• RECORDS SHOWN
####
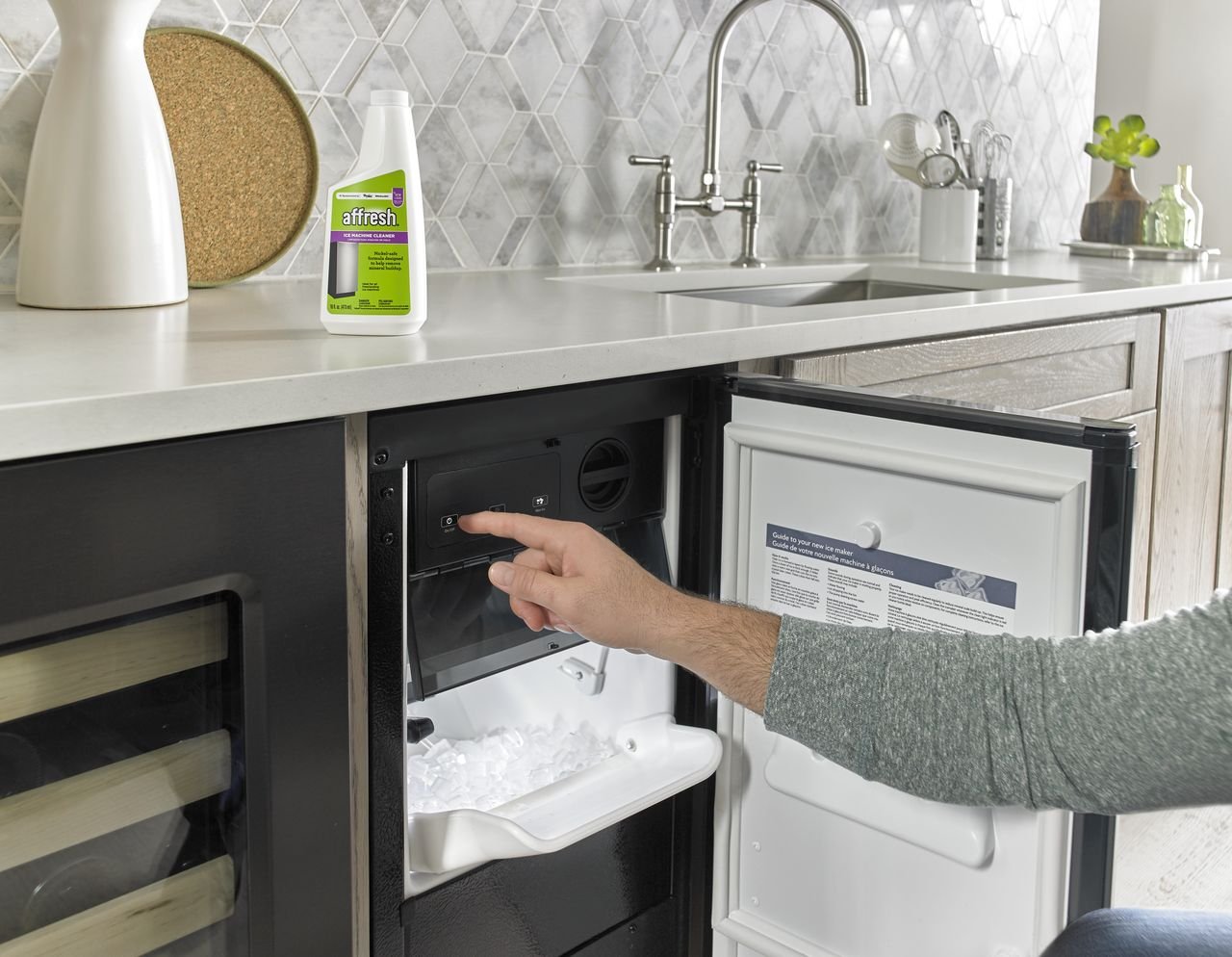 Affresh 4396808 Ice Machine Cleaner 16Ounce 617297413095 eBay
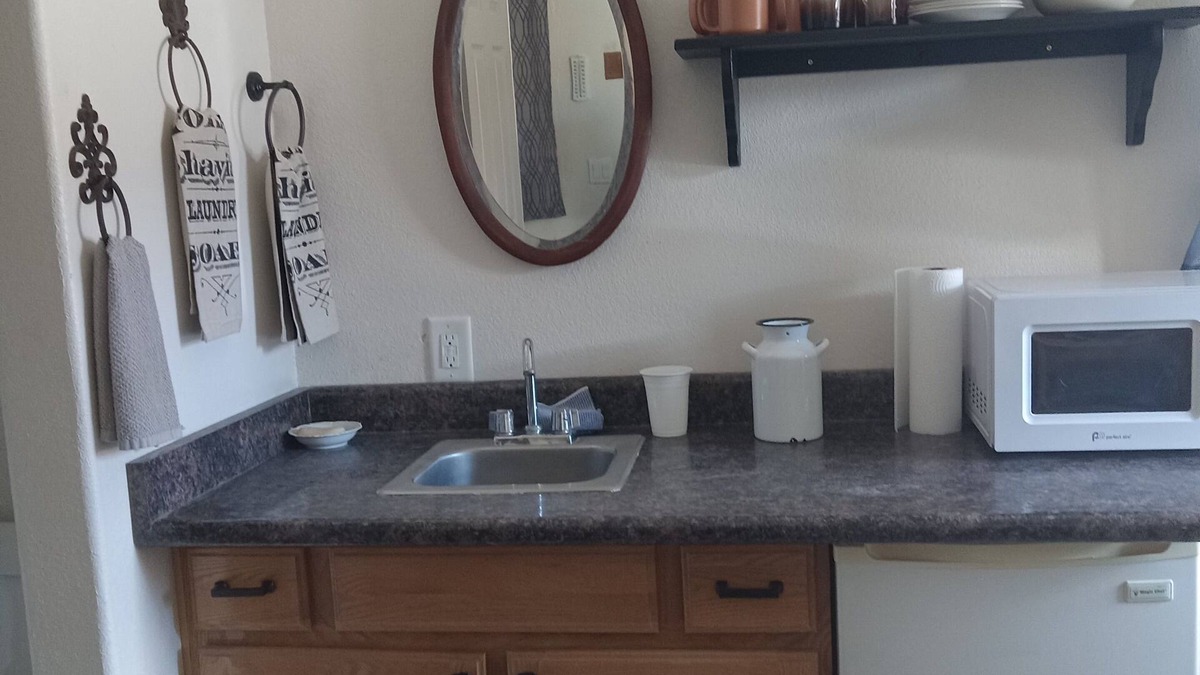 Mancos House | Charming bungalow in historical Mancos with WiFi. Privacy and beautiful views.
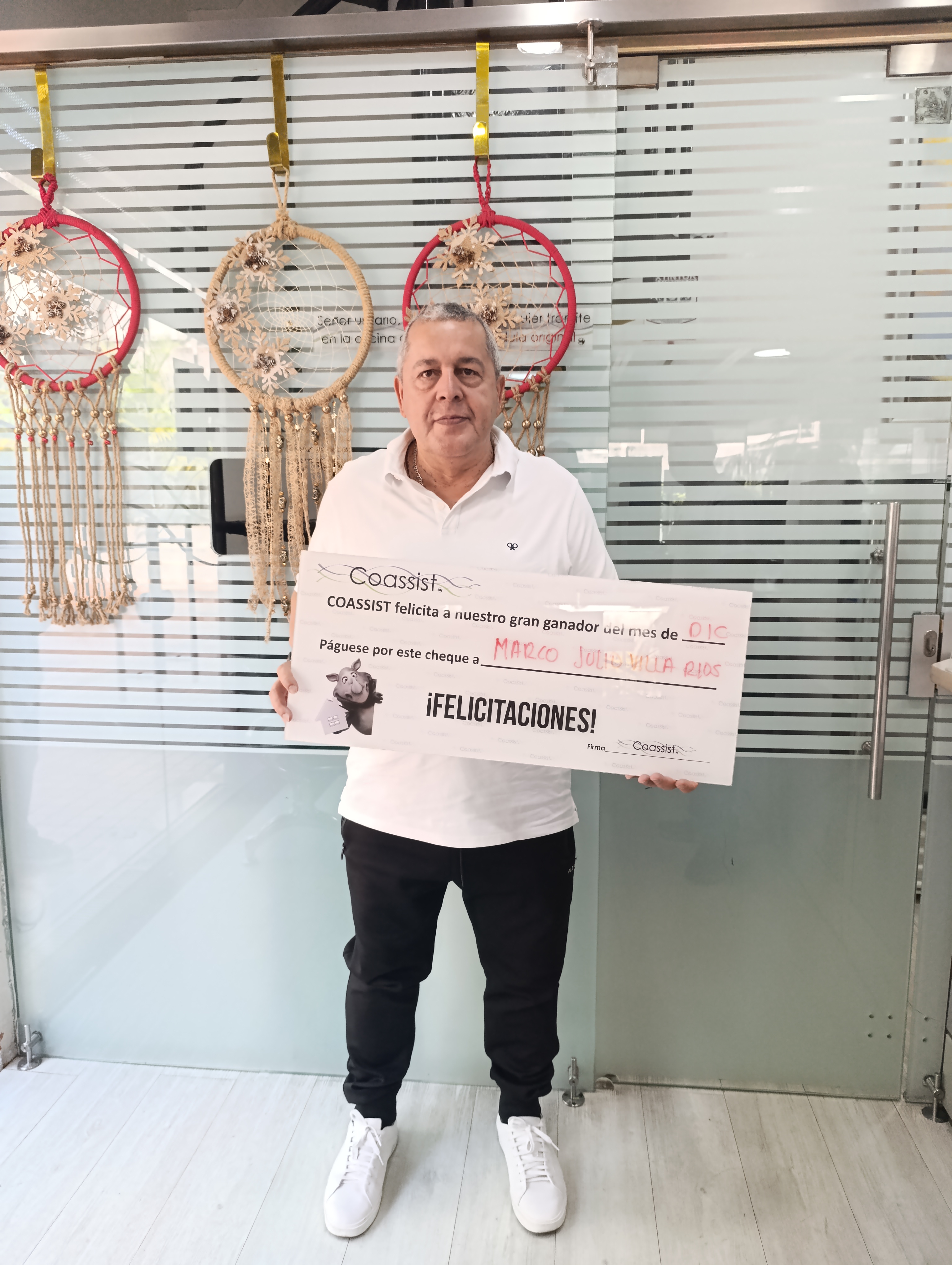 Ganador Diciembre 2025 Stock1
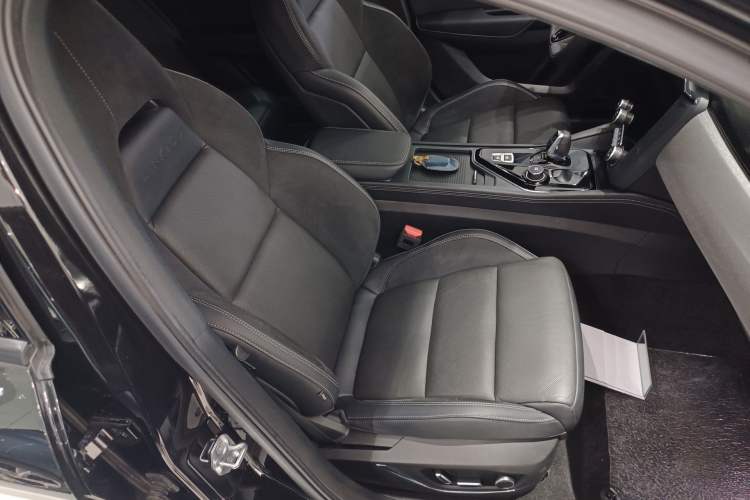 Used Lynk & Co 03 2022 2.0TD DCT JingPro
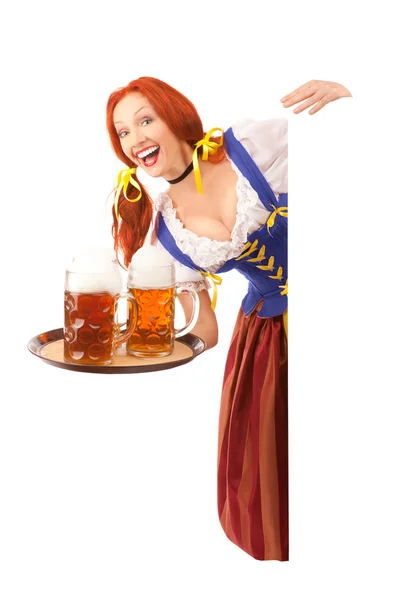 Mujer feliz con traje tradicional con cerveza sosteniendo un cartel — Foto de Stock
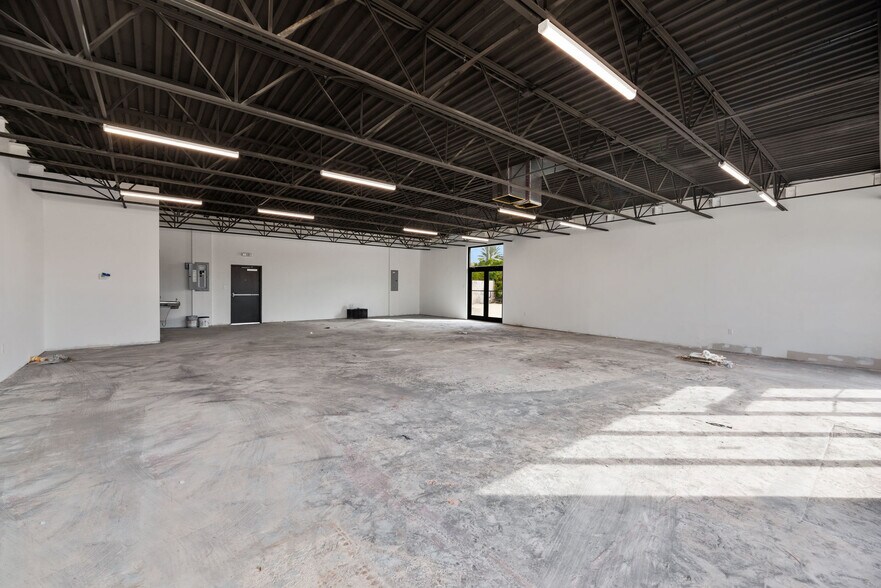 More Photos Of 612 NW 9th Ave, Fort Lauderdale Restaurant For Lease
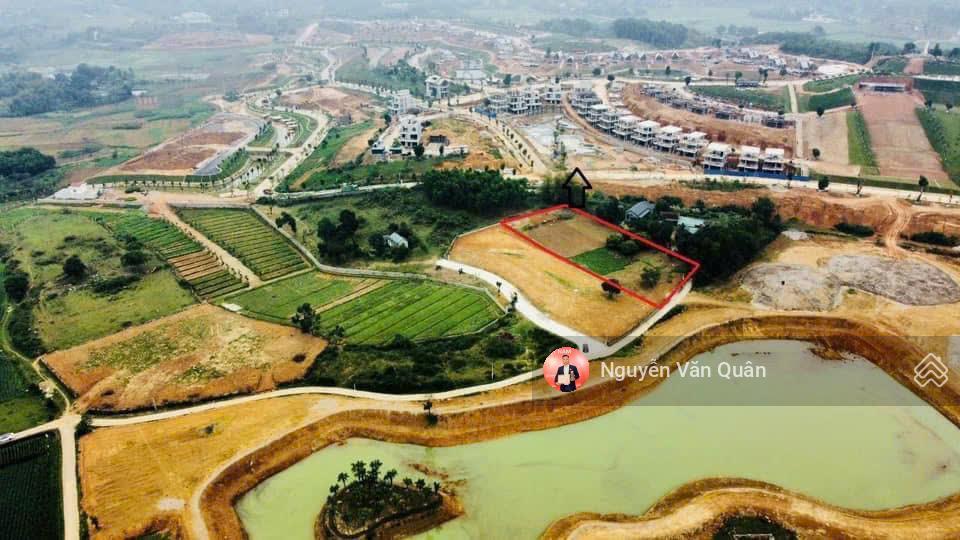 Bán 2.750m² view hồ 800m² đất ở phân 16 lô cực đẹp, sát 3 dự án lớn tại lương sơn 0988 112 ***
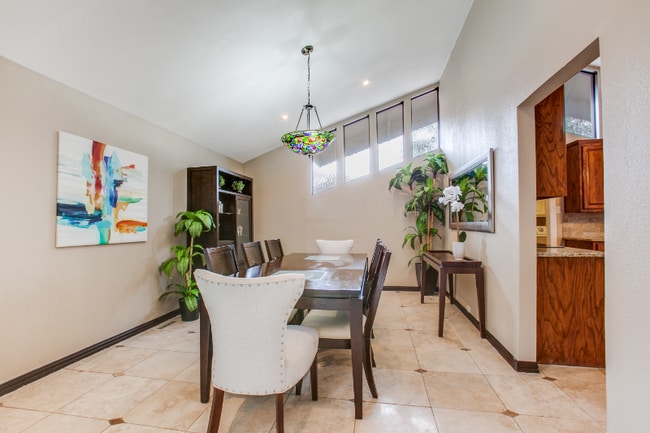 Foto del edificio - 7307 Spring Valley Rd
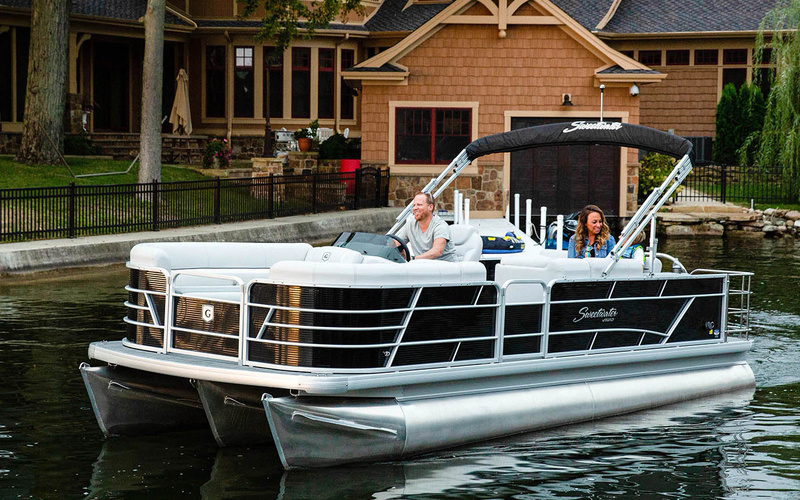 Godfrey Sweetwater Lounge 2286 Prices, Specs, Reviews and Sales Information itBoat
####
• EXERCISE DIRECTIONS
Set the pictures aside and reproduce exactly the lines above, from the line holding "Used Lynk & Co 03 2022 2.0TD DCT JingPro" through the line holding "Foto del edificio - 7307 Spring Valley Rd", both included, with nothing else.

• OUTPUT BELOW
 Used Lynk & Co 03 2022 2.0TD DCT JingPro
 Mujer feliz con traje tradicional con cerveza sosteniendo un cartel — Foto de Stock
 More Photos Of 612 NW 9th Ave, Fort Lauderdale Restaurant For Lease
 Bán 2.750m² view hồ 800m² đất ở phân 16 lô cực đẹp, sát 3 dự án lớn tại lương sơn 0988 112 ***
 Foto del edificio - 7307 Spring Valley Rd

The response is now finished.